Ampicillin Resistance in E. coli During DNA Transformation

Ampicillin Resistance in E. coli During DNA Transformation




The lab “DNA Transformation-Ampicillin Resistance” tested four different variables (“B1 Amp,” “B1 No Amp,” “B2 Amp,” and “B2 No Amp) , to show how a plasmid with a resistance gene to the antibiotic ampicillin can be used to place the resistance gene into an able strand of bacteria. Both microcentrifuge tubes (labeled “B1” and “B2”) contained the E. coli bacteria and calcium chloride solution. Microcentrifuge tube “B1” received a drop of a solution, which has a gene that is resistant to ampicillin. In the results, “B2 Amp” had no bacterial growth, “B1 Amp” had growth in the form of multiple small colonies, and “B2 No Amp” and “B1 No Amp” both had regular bacterial growth. These results explain how DNA transformation works, and how it can be used in medical science.


Index Descriptors


Ampicillin: A semisynthetic penicillin used to treat various infections.

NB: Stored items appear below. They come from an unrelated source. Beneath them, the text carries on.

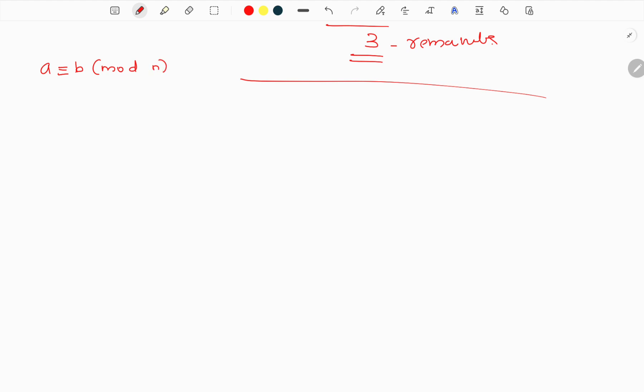This is a big difference. We say that n divides a minus b. If n divides a minus b, then a is congruent to b modulo n. Let's look at an example.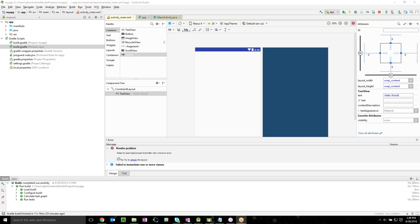All right folks, so this is Ashwani and in today's video we are going to see one of the very fundamental problems when a beginner starts coding in Android Studio. This is something which I caught regarding the render problem. I was not able to get where is my hello world in this preview which I have over here.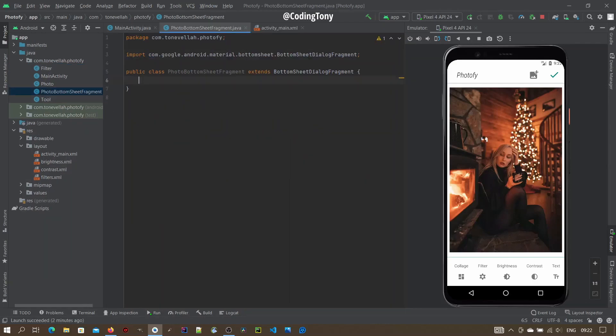Something to note is that a Bottom Sheet Dialog Fragment is a normal fragment, only the difference is this is like a dialog, but it has all the life cycles, callbacks as a normal fragment.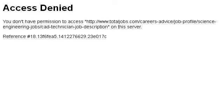Our top ranked site to learn about Civil Judge Job Description is www.totaljobs.com. See the page titled Civil Judge Job Description, Total Jobs. This is the link.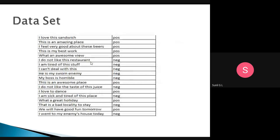This is the dataset we are taking. For example, 'I love this sandwich' — we will classify each statement as positive or negative opinion. 'I love this sandwich' is a positive statement. 'This is an amazing place' is also positive. 'I don't like this restaurant' is a negative statement. 'I am tired of this stuff' is a negative statement. We need to classify whether statements are positive or negative.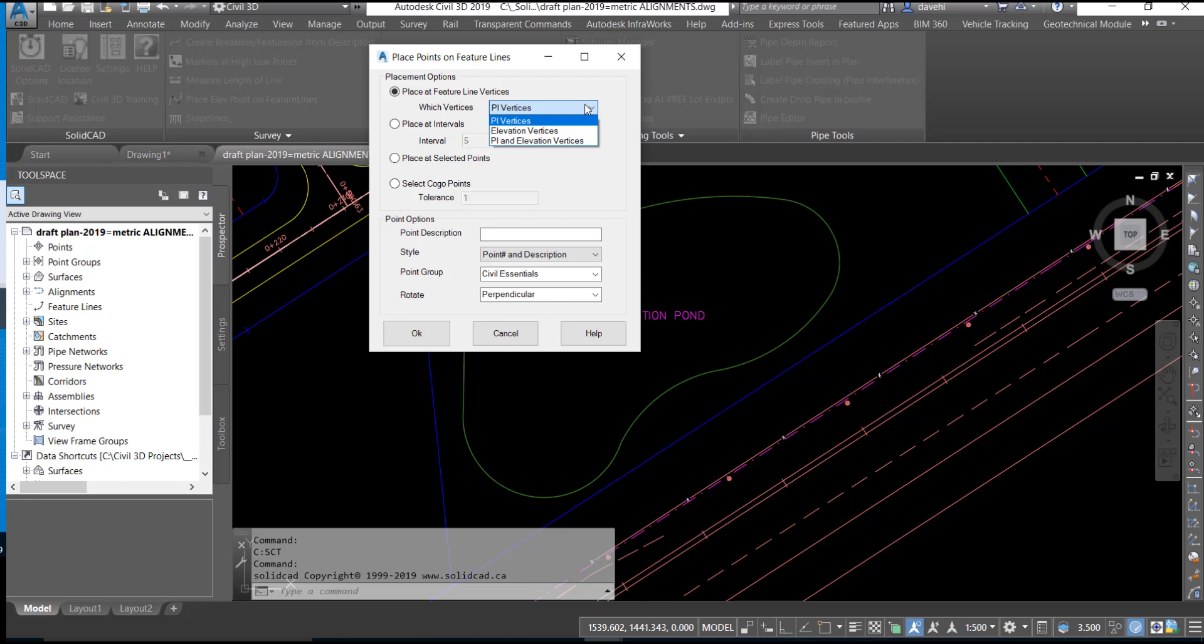We can also place the COGL points at specific intervals as defined by the user. We will set that interval to 10 for this exercise. We can also place the points at selected locations by the user as well.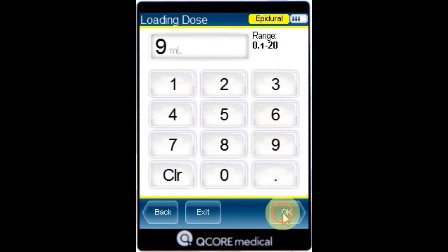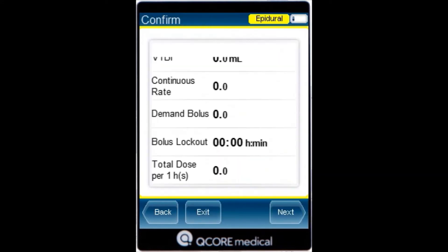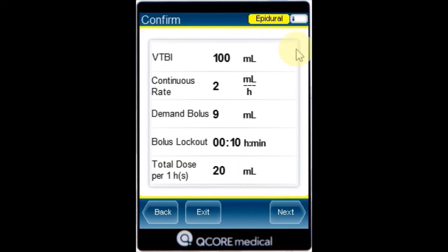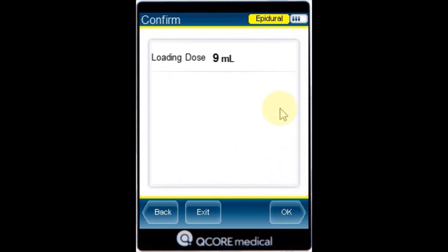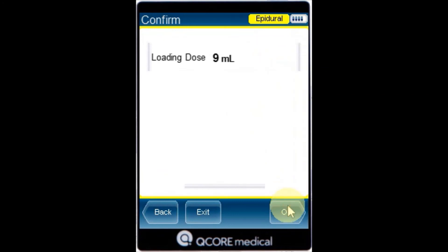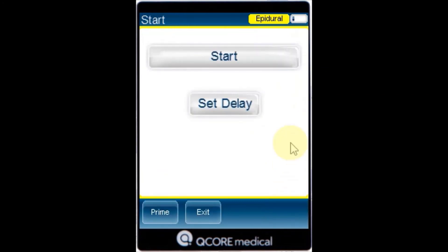Review the parameters displayed on the confirmation screen and press OK. To begin the infusion make sure that all clamps on the administration set and any other connected devices are open, and press start.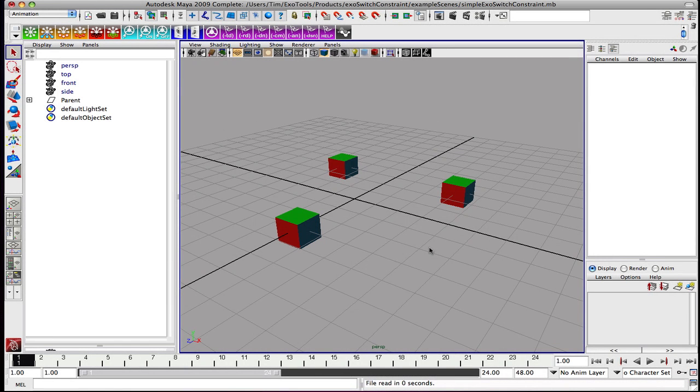Welcome to this introductory screencast on the ExoSwitch Constraint Maya plugin. The ExoSwitch Constraint is a multi-directional constraining system.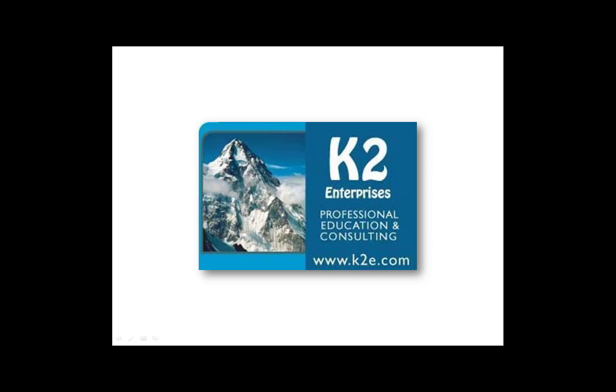For more information on the training options we offer, please visit our website at www.k2e.com.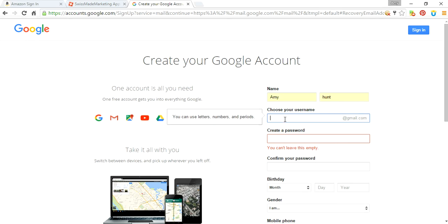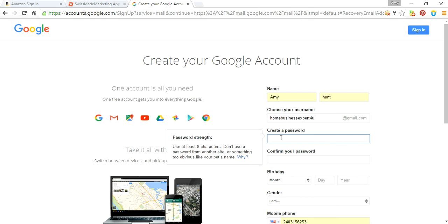You're going to fill in the required information, and you just basically choose a username. I'm going to try home business expert for you. Great, that means it worked.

Cell Suspension: Cells in culture in moving or shaking liquid medium, often used to describe suspension cultures of single cells and cell aggregates.


E. coli:  A bacillus Escherichia coli;  a bacillus normally found in the human gastrointestinal tract and existing as numerous strains, some of which are responsible for diarrheal diseases. Other strains have been used experimentally in molecular biology.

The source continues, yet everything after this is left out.